## WHAT IS EXPECTED
Every line below must come back exactly as it stands, with the images omitted.

------ INFORMATION SUPPLIED

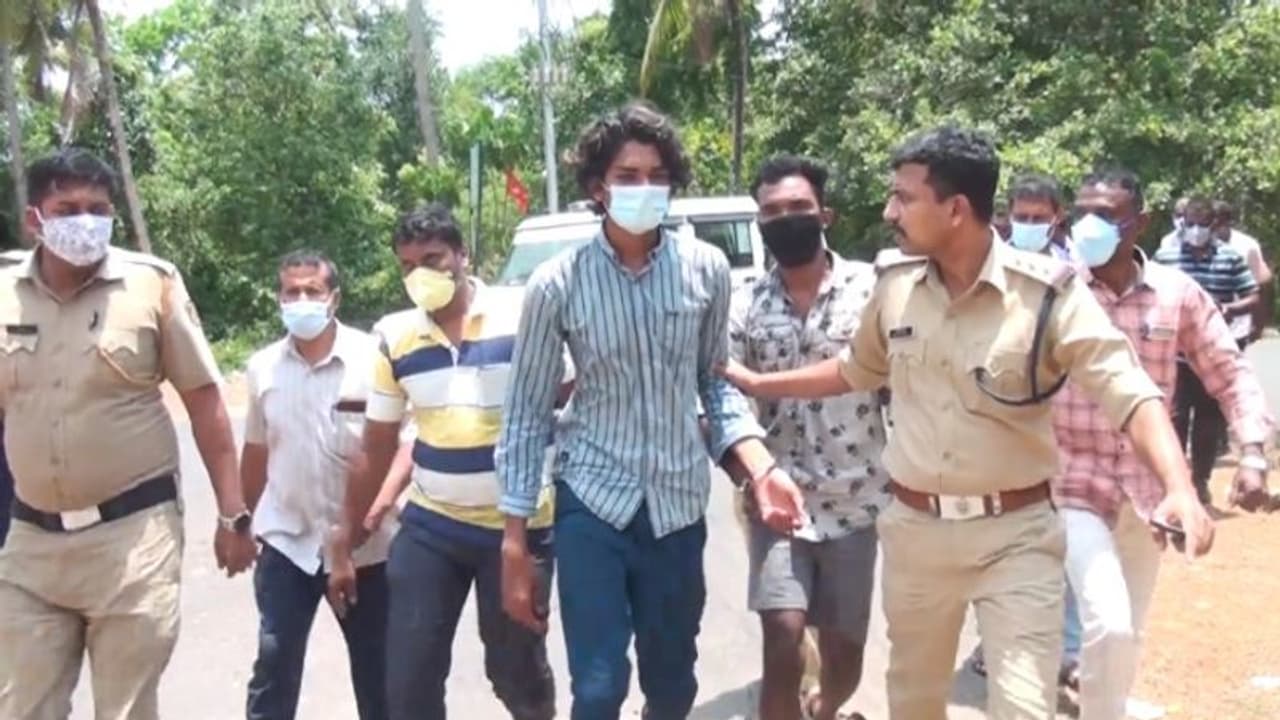 അഭിമന്യു വധം: രണ്ട് പേർ കൂടി കസ്റ്റഡിയിൽ, അറസ്റ്റിലായ പ്രതികളുമായി തെളിവെടുപ്പ് നടത്തി അഭിമന്യു വധം: രണ്ട് പേർ കൂടി കസ്റ്റഡിയിൽ, അറസ്റ്റിലായ പ്രതികളുമായി തെളിവെടുപ്പ് നടത്തി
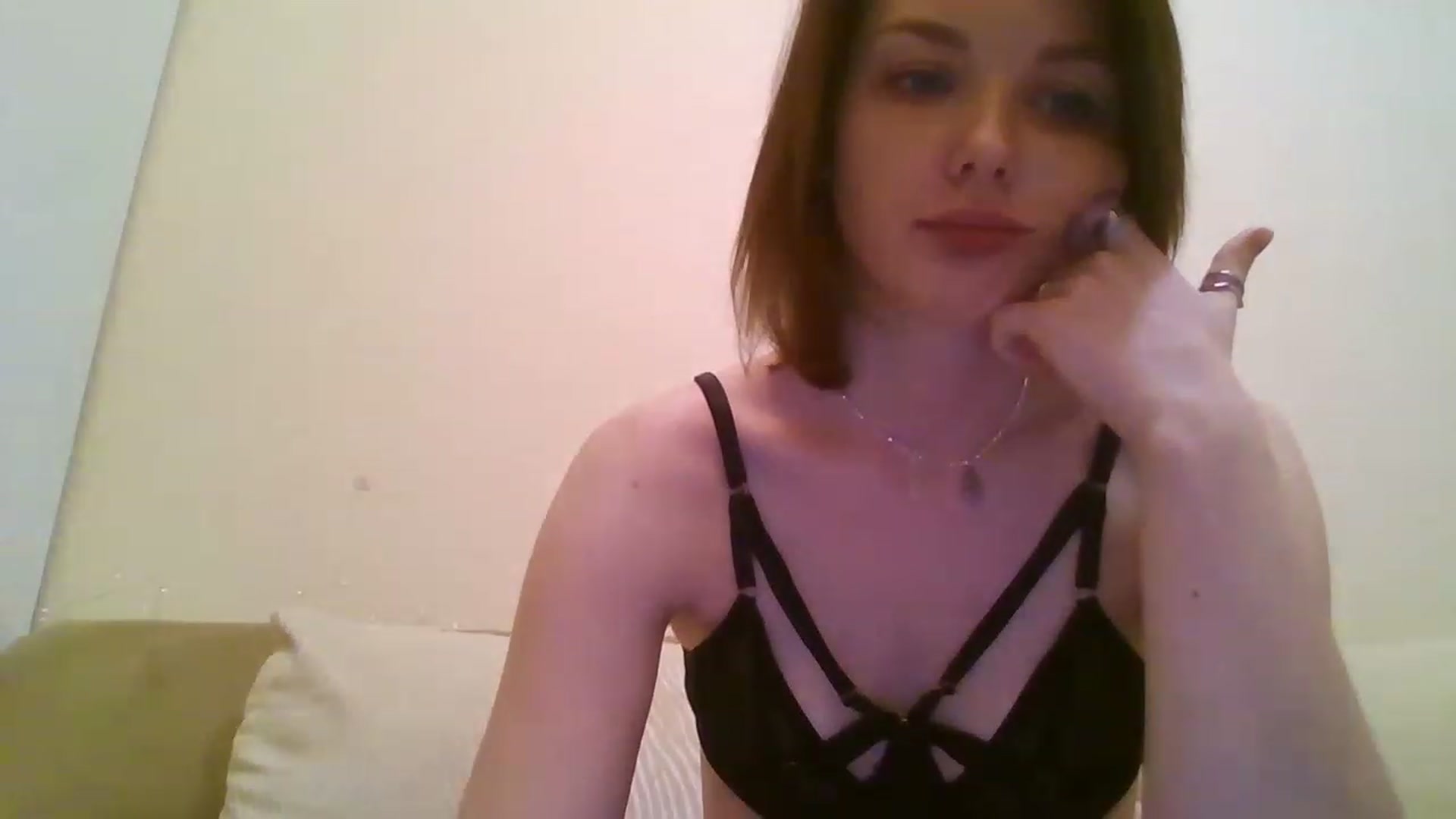 Gallery image thumbnail from RoxieSinner's myfreecams stream on, 12/18/2022, 17:43 image 19 of 20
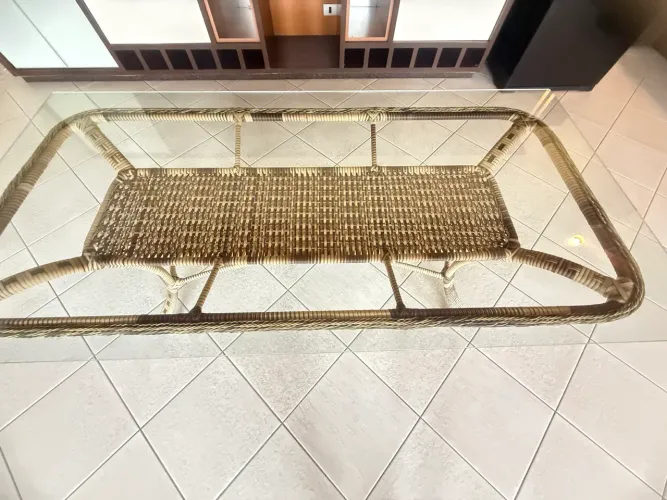 Oportunidade: Mesa Grande Tampo de Vidro
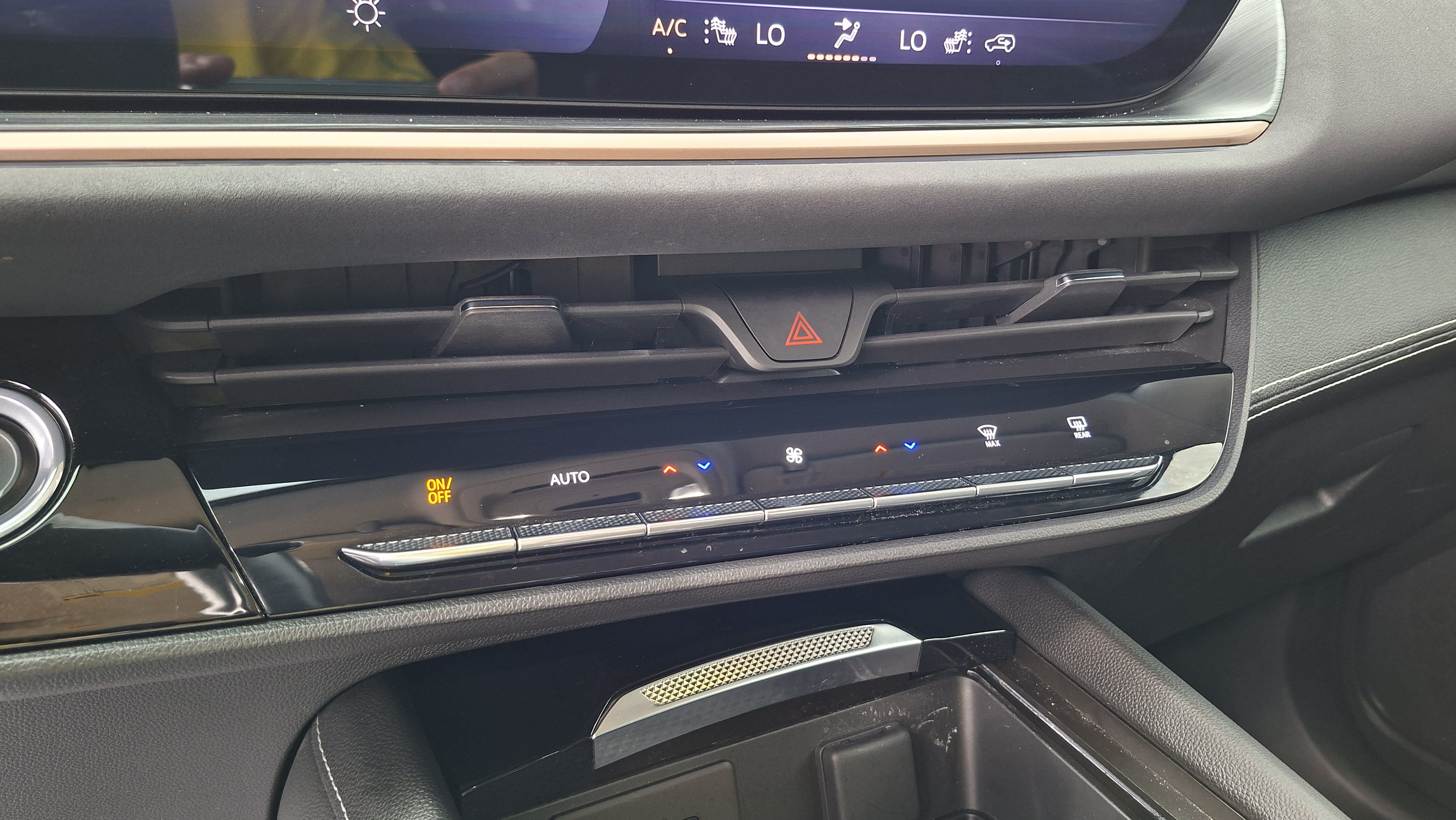 Used 2024 Buick Envision Sport Touring AWD/4WD image 15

------------

## TASK RESPONSE
 അഭിമന്യു വധം: രണ്ട് പേർ കൂടി കസ്റ്റഡിയിൽ, അറസ്റ്റിലായ പ്രതികളുമായി തെളിവെടുപ്പ് നടത്തി അഭിമന്യു വധം: രണ്ട് പേർ കൂടി കസ്റ്റഡിയിൽ, അറസ്റ്റിലായ പ്രതികളുമായി തെളിവെടുപ്പ് നടത്തി
 Gallery image thumbnail from RoxieSinner's myfreecams stream on, 12/18/2022, 17:43 image 19 of 20
 Oportunidade: Mesa Grande Tampo de Vidro
 Used 2024 Buick Envision Sport Touring AWD/4WD image 15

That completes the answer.